PROBLEM STATEMENT
Could you print the stretch of lines below from the one with "Qualcuno cammina nel" through the one with "Khám phá văn", exactly as they stand and without any pictures?

◆ ◆ ◆ ◆

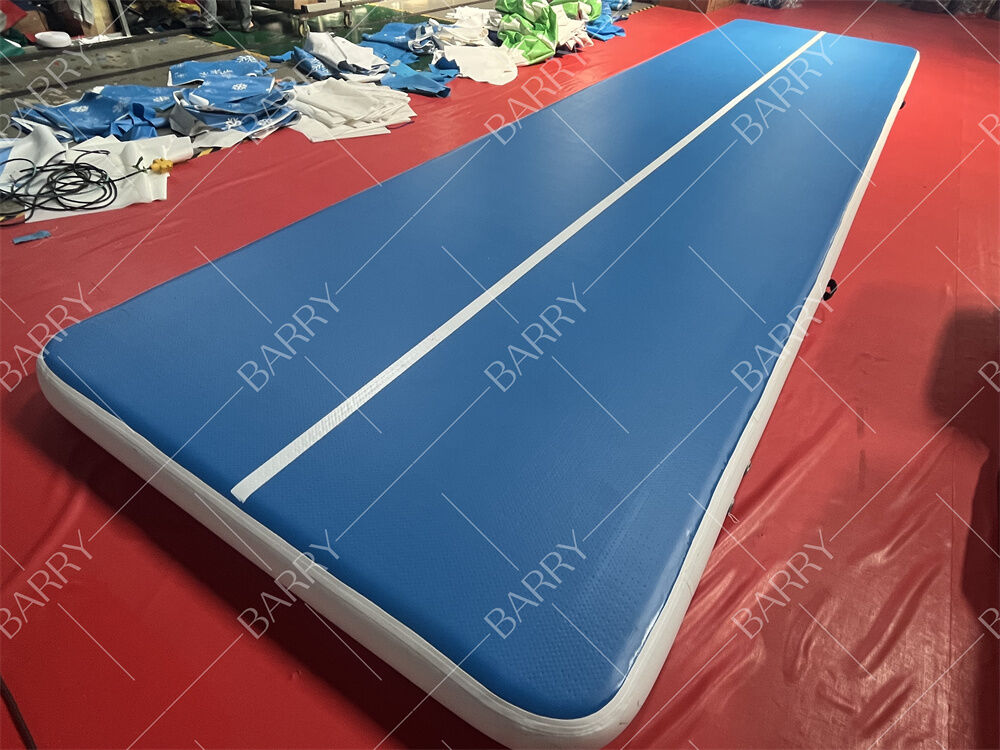 Pista de aire inflable de fábrica para gimnasia, colchoneta de tumbling con costura de caída, soplador, conexión de velcro para uso de yoga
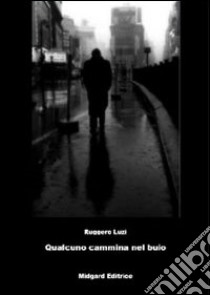 Qualcuno cammina nel buio libro di Luzi Ruggero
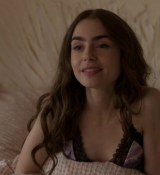 Emily_in_Paris_S01E06_Ringarde_720p_NF_WEB-DL_DDP5_1_x264-BTN_0416.jpg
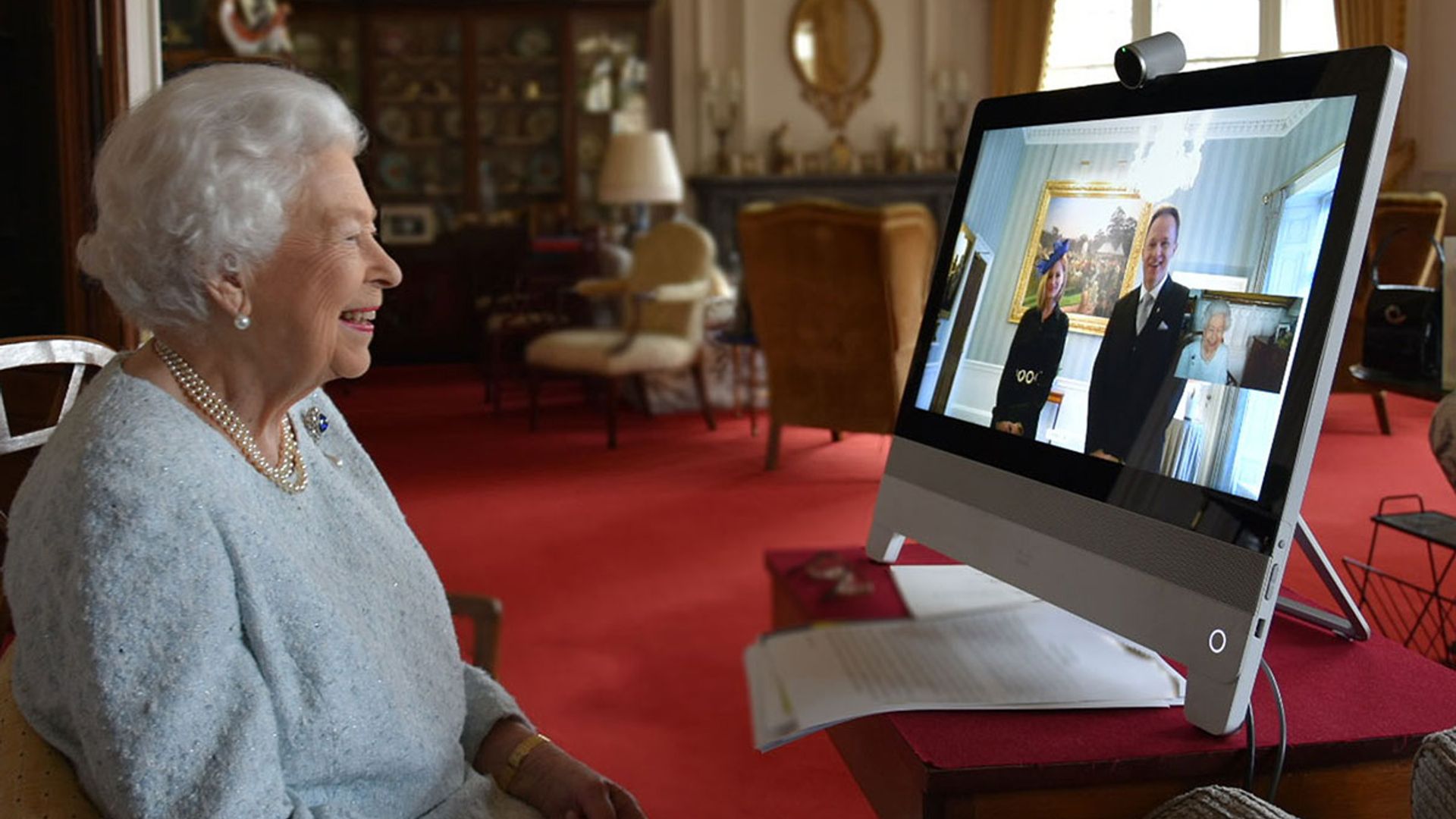 the-queen-video-call-picture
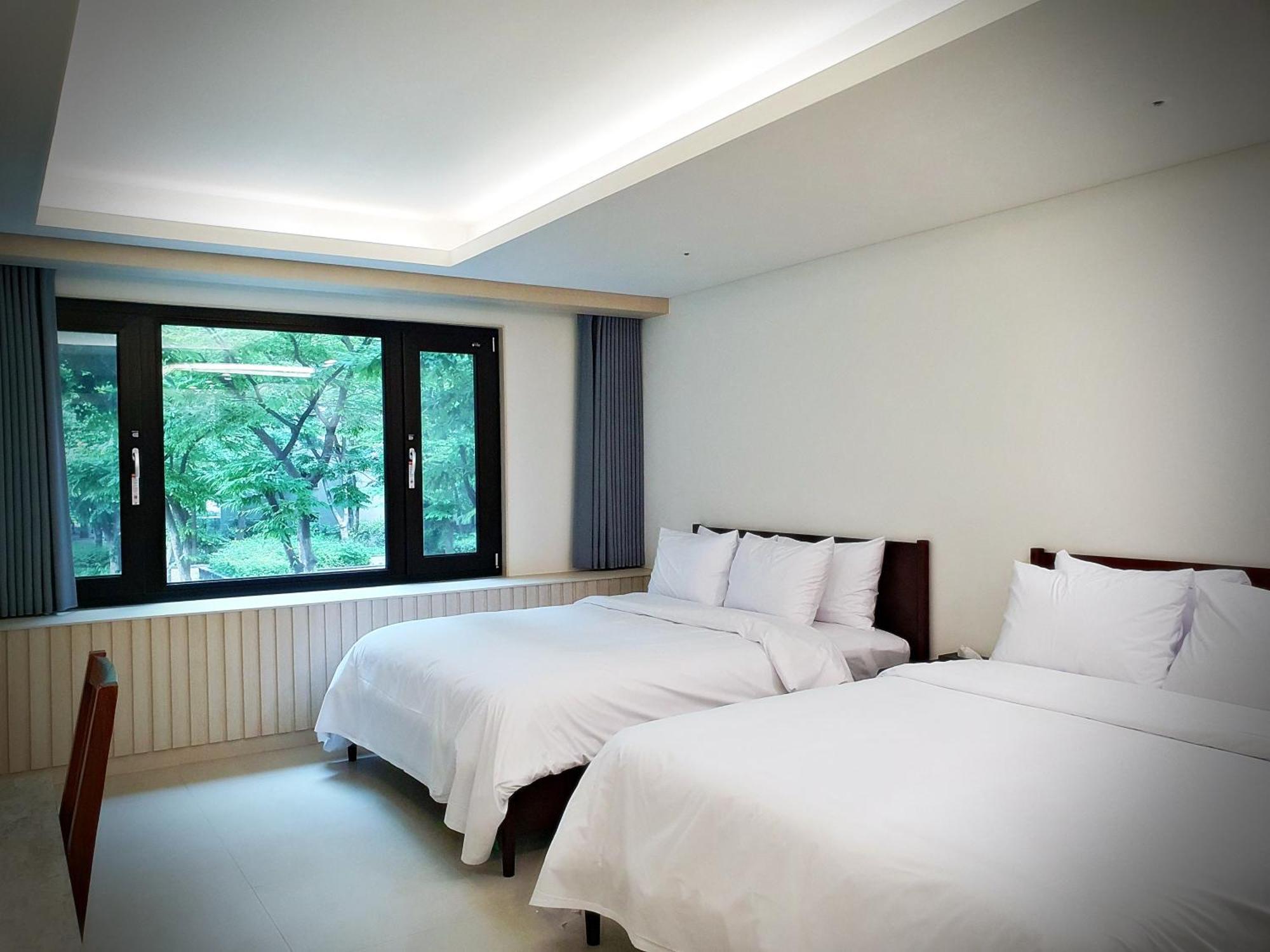 אינצ'ון Bluebird Hotel מראה חיצוני תמונה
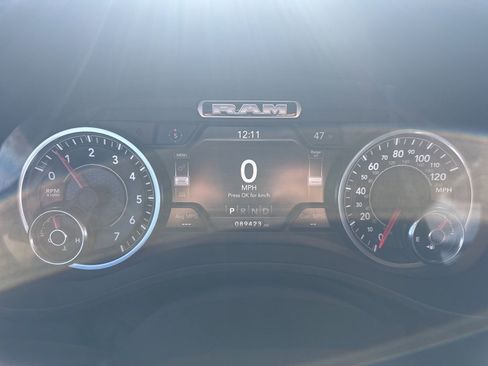 Used 2019 RAM 1500 Laramie image 2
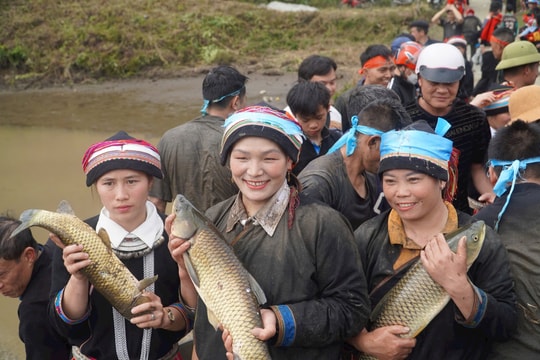 Khám phá văn hoá đặc sắc qua Lễ hội bắt cá Nặm Đăm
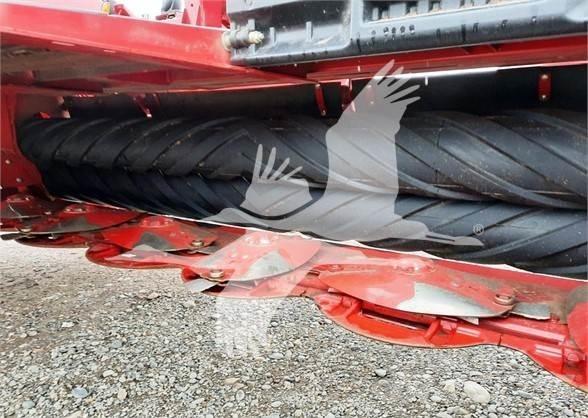 Case IH DC163 محشات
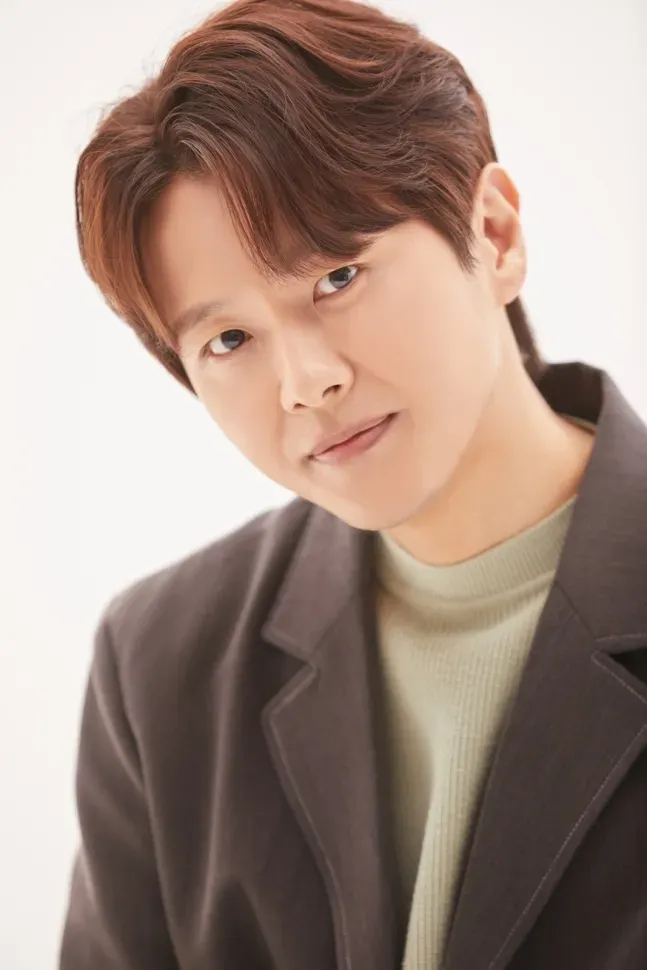 가수, 작가인 김현성의 대표 이미지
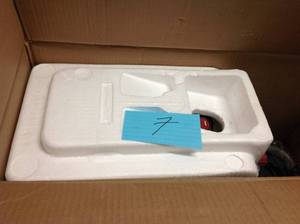 lot 7 image: Husky 8G 150 PSI Hotdog Air Compressor in good condition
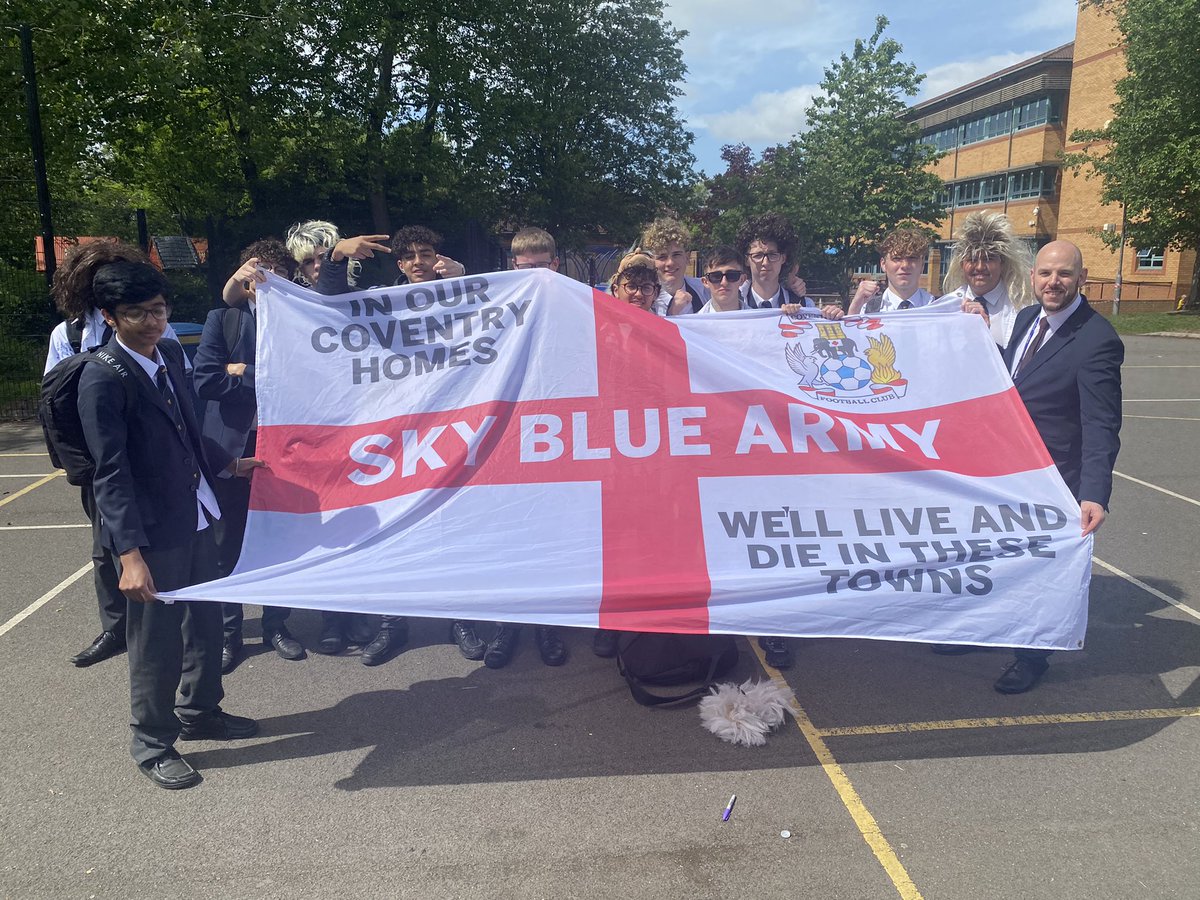 MrLudgate's tweet photo. Some of our year 11s on the last day of school representing the mighty @Coventry_City! #PUSB https://t.co/awpk4ghZ8B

◆ ◆ ◆ ◆

EXERCISE RESPONSE
 Qualcuno cammina nel buio libro di Luzi Ruggero
 Emily_in_Paris_S01E06_Ringarde_720p_NF_WEB-DL_DDP5_1_x264-BTN_0416.jpg
 the-queen-video-call-picture
 אינצ'ון Bluebird Hotel מראה חיצוני תמונה
 Used 2019 RAM 1500 Laramie image 2
 Khám phá văn hoá đặc sắc qua Lễ hội bắt cá Nặm Đăm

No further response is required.